_Work task:_
Reproduce each entry exactly as it reads. Leave the images out.
=== Data records ===
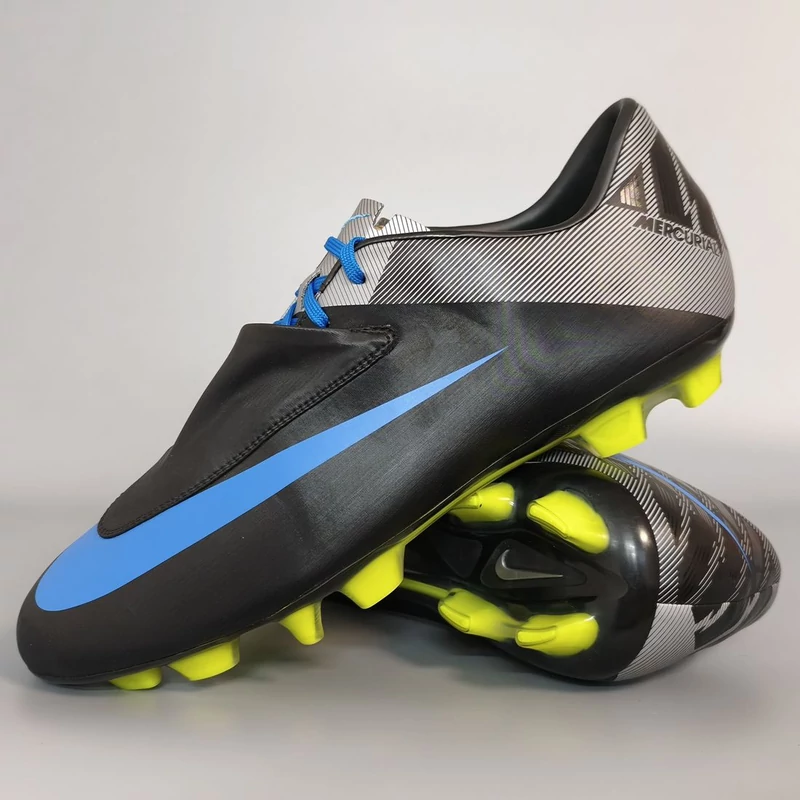 NIKE MERCURIAL VAPOR VII NIKEID HG stoplis focicipő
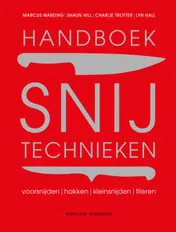 Omslag van Handboek snijtechnieken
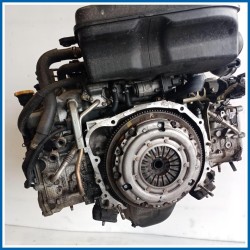 Motore completo SUBARU Legacy IV SW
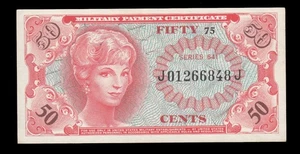 i-010782 USA 50 Cents 1965-68 aUNC - Picture 1 of 2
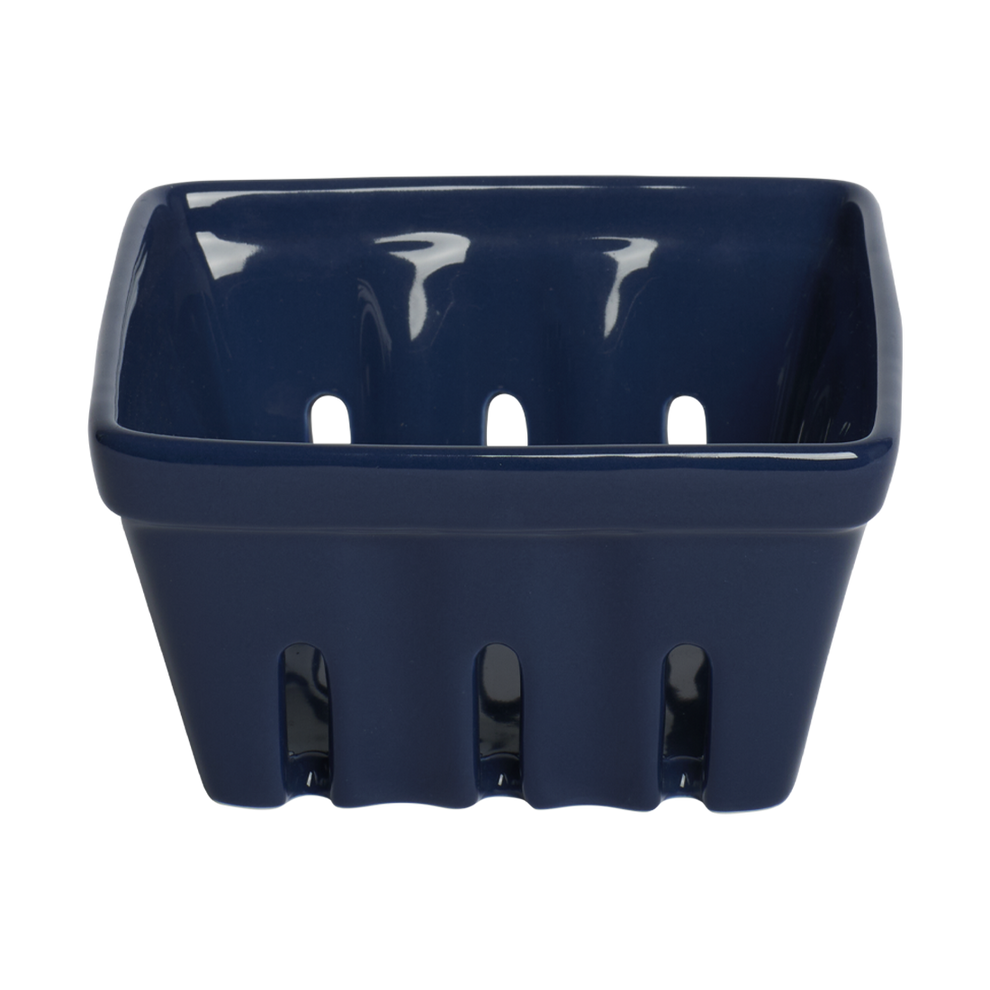 Berry Basket - Indigo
===
_Answer section:_
 NIKE MERCURIAL VAPOR VII NIKEID HG stoplis focicipő
 Omslag van Handboek snijtechnieken
 Motore completo SUBARU Legacy IV SW
 i-010782 USA 50 Cents 1965-68 aUNC - Picture 1 of 2
 Berry Basket - Indigo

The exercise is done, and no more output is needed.